Go to the line below that has "Hi, in this", print it and each line after it exactly, and stop after the line that has "Hello my dear"; leave out pictures.
:: RECORDS FOR THE EXERCISE
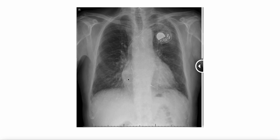It's interesting to take a look at pacemakers versus ICDs, how you can recognize them on a chest X-ray and what their functions are. This right here is a pacemaker, and pacemakers as well as ICDs are usually placed pre-pectorally on the left side subclavicularly. Typically these pacemakers have two leads, one going to the right atrium and one going to the right ventricle.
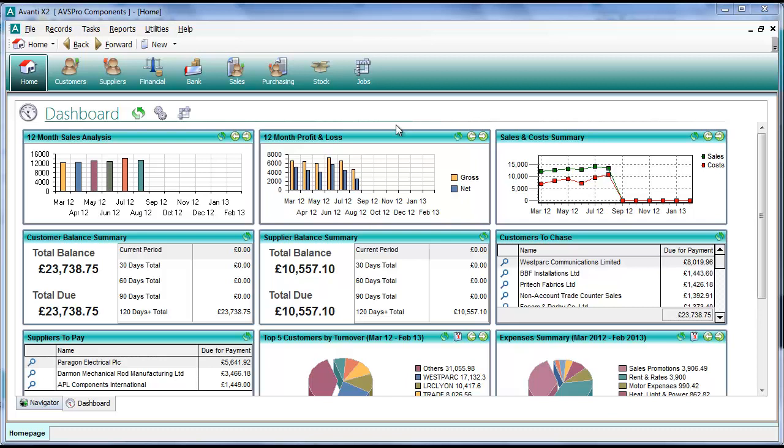Hi, in this video we're going to be showing you how to use the new Quick Pay and Quick Allocate facilities that were introduced in Avanti version 2.4.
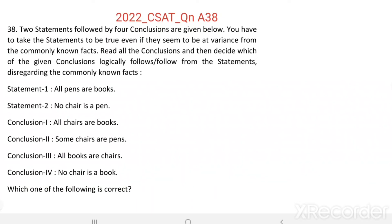Question 38. Two statements followed by four conclusions are given below. Statement 1: All pens are books. Statement 2: No chair is pen. Conclusion 1: All chairs are books. Conclusion 2: Some chairs are pen. Conclusion 3: All books are chairs. Conclusion 4: No chair is a book. Which one of the following is correct?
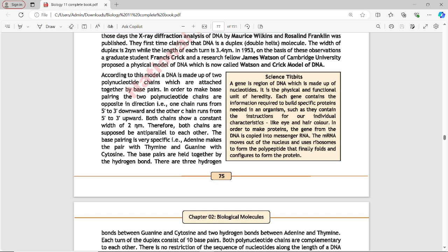For base pairing, the two polynucleotide chains are antiparallel — opposite in direction. If one chain runs from 5-prime to 3-prime downward, the other runs from 5-prime to 3-prime upward. Both chains show a constant width of 2 nanometers.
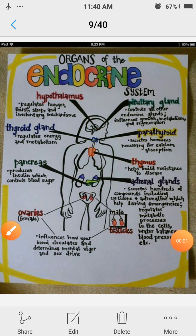Hello my dear students, let's learn biology with Shivani Dixit. In this video we are going to discuss organs of the endocrine system.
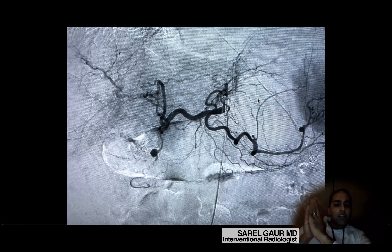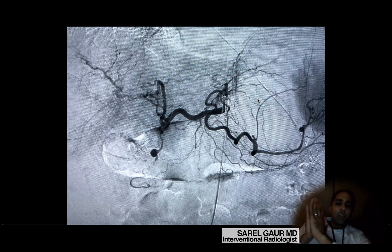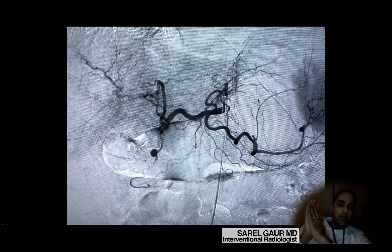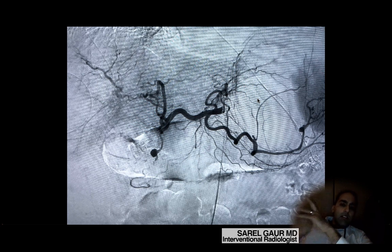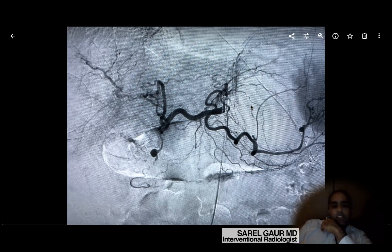We were a little bit at odds — I was more thinking to do the case, he was more thinking it's probably not worth being done. Probably because I'm younger and more excited about angiography, I pushed to have the case done. So we got the patient stabilized, got him on the table, stuck the right groin, and got a soft reverse curve catheter up into the celiac artery.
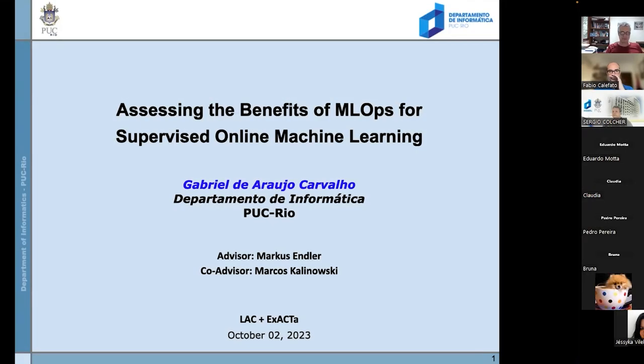Okay, first of all, thank you all for joining — family members, friends, and the examination committee. Thanks again, Fabio and Sergio for joining us today. Thanks one more time to my advisor, Marc Zendele, and my co-advisor, Marc Kalinovis.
::::
**SOLUTION**
Hi, in this video we're going to be showing you how to use the new Quick Pay and Quick Allocate facilities that were introduced in Avanti version 2.4.
Question 38. Two statements followed by four conclusions are given below. Statement 1: All pens are books. Statement 2: No chair is pen. Conclusion 1: All chairs are books. Conclusion 2: Some chairs are pen. Conclusion 3: All books are chairs. Conclusion 4: No chair is a book. Which one of the following is correct?
For base pairing, the two polynucleotide chains are antiparallel — opposite in direction. If one chain runs from 5-prime to 3-prime downward, the other runs from 5-prime to 3-prime upward. Both chains show a constant width of 2 nanometers.
Hello my dear students, let's learn biology with Shivani Dixit. In this video we are going to discuss organs of the endocrine system.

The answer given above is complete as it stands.